Hacktivists claiming to be part of Anonymous, which over the summer attacked PBS, vowed last weekend to "erase" the New York Stock Exchange from the Internet on Oct. 10. The attack, the group claimed, was being waged in support of the Occupy Wall Street protests.
Some members of Anonymous, however, have disputed the claims made on YouTube about a denial-of-service attack. Anonymous' Twitter handle, AnonOps, posted a tweet this week saying it had no plans to hack Wall Street. But it's hard to know what to believe.
"They're not very organized," says Gartner analyst Avivah Litan. "I don't know how credible it is. We should not dismiss their threats, because they have gotten close to sensitive systems in other organizations in the past. But it's hard to know what, if anything, will happen."
Neither the NYSE nor the Secret Service could be reached for comment about this threat.
Is a Take-Down Possible?Security experts say they're confident, given the amount of warning Anonymous has given, that the NYSE should be well prepared to ward off a cyber attack. "I have to think that the New York Stock Exchange is one of those systems that has a lot of fail-over sites," Litan says. "I don't think Anonymous can take them down."
The problem, however, is that no one really knows what type of attack the group might wage. The assumption has been an attempted DDoS attack, but the attack could come from another angle entirely.
Wendy Nather, research director of the enterprise security practice at The 451 Group, says much can be gleaned from the way Anonymous positioned its threat.
"It's interesting that they used the word 'erase,'" she says. "That sort of implies that they plan to make the stock exchange invisible on the Internet, rather than taking it down."
And making the NYSE invisible points to a specific kind of attack, one that targets the NYSE's domain name system registration. "It's kind of like taking over their phone number," she says. "If someone tried to call, they would not get through. It works the same way online. You just wouldn't be able to find the site."
"They might do something with the registrar that keeps the registration for the NYSE, convincing people who work for the registrar to change the registration," she says. "But there are different avenues they could pursue to change it or hijack it for a period of time. It's basically just redirecting the DNS listing."

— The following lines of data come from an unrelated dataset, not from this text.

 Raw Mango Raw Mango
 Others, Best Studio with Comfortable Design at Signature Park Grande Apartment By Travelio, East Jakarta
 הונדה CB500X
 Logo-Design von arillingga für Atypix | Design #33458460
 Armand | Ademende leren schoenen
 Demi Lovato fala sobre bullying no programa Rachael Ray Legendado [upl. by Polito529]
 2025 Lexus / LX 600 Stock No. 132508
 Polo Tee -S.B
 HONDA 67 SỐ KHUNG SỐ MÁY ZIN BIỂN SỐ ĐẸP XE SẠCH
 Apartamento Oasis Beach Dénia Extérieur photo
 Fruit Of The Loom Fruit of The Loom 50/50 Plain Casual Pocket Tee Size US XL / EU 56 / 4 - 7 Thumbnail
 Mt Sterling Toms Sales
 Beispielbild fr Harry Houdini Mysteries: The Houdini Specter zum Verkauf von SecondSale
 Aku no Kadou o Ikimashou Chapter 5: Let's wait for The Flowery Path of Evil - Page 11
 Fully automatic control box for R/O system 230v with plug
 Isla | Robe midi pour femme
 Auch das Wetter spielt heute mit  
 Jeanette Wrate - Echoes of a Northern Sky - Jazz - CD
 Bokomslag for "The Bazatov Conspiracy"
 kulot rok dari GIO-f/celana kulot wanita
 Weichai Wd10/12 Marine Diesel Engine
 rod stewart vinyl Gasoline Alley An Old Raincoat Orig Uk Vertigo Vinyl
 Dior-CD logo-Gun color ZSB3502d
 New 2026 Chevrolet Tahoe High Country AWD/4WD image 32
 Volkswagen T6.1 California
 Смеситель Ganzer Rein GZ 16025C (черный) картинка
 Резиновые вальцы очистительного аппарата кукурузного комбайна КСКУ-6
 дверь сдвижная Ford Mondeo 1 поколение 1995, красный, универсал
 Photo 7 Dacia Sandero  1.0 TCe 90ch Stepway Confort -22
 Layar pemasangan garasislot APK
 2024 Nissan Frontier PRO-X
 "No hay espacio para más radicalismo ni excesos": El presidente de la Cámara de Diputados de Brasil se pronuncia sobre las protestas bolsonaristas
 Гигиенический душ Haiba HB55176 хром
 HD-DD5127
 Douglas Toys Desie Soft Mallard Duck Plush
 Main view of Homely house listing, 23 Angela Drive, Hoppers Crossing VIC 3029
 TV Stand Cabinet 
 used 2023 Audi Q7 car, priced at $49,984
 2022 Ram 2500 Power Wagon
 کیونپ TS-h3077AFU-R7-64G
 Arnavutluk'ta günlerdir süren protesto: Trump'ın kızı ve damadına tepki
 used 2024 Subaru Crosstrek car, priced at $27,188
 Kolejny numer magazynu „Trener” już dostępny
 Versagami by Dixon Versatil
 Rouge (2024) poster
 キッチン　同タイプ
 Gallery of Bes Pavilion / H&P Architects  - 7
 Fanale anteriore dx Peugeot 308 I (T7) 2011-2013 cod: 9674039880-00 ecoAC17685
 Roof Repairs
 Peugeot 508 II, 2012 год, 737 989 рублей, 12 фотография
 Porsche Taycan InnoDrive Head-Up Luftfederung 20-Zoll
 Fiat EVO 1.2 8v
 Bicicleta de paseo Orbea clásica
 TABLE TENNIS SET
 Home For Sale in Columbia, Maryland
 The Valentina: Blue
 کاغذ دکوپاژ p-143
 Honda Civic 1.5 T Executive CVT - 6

Changing Cyberthreat LandscapeHow organizations react to threats like these is tricky.
"What is interesting to me, based on the past track record of Anonymous, is that these kinds of threats induce high levels of panic," says IT security and privacy attorney David Navetta. "They don't even need to do an actual hack in order to cause an impact or send a message."
Even if the so-called hacktivists do nothing, organizations still have to prepare. That means examining all of the possible avenues of attack. "Given what the NYSE knows about the goals of Anonymous and their own network, they will probably be keeping a very close eye on their own domain name registration," Nather says. "And they probably have other steps in place to react to a denial of service attack. Those are the two immediate."
Mike Smith, an online security expert with Akamai Technologies, says the message is likely the most damaging part of the NYSE threat, given that parts of Anonymous have denied the claims.
"There is a certain amount of hyperbole that Anonymous uses to get supporters to its cause," Smith says. "The type of protestors that they are recruiting absolutely love comments like 'We'll erase this organization off the Internet.'" Organizations have to be mindful of threats, while also being careful not to overreact.
Threats have to be acknowledged, but since most of the motivation behind threats from groups like Anonymous is to get publicity and attention, organizations walk a fine line between mindful reaction and giving the hacktivists just what they want: attention.
But the hacktivist movement cannot be ignored. As Nather points out, groups such as Anonymous don't have to be organized, nor do their attacks have to be coordinated, to have an impact. "Not all members of Anonymous have the same goals or intentions, so it's even more difficult to figure out what they want," she says. "You don't have to be big or rich or have credit cards or property worth stealing to become a target." You just have to make the wrong person angry.
For groups like Anonymous, it's more about proving a point, or hacking just to prove it can be done. Fundamental infrastructural changes that address some of the weaknesses hacktivists often exploit, like inter-site dependencies, are being addressed. "One solution going forward may be to redesign some of the utilities that the Internet shares in common forms of attack," Nather says.
But that's only part of the solution.
"Eventually, there will be a bad hit, we just don't know when it's coming," Litan says. "One day one of these guys will succeed. They've gotten close to causing some serious damage before."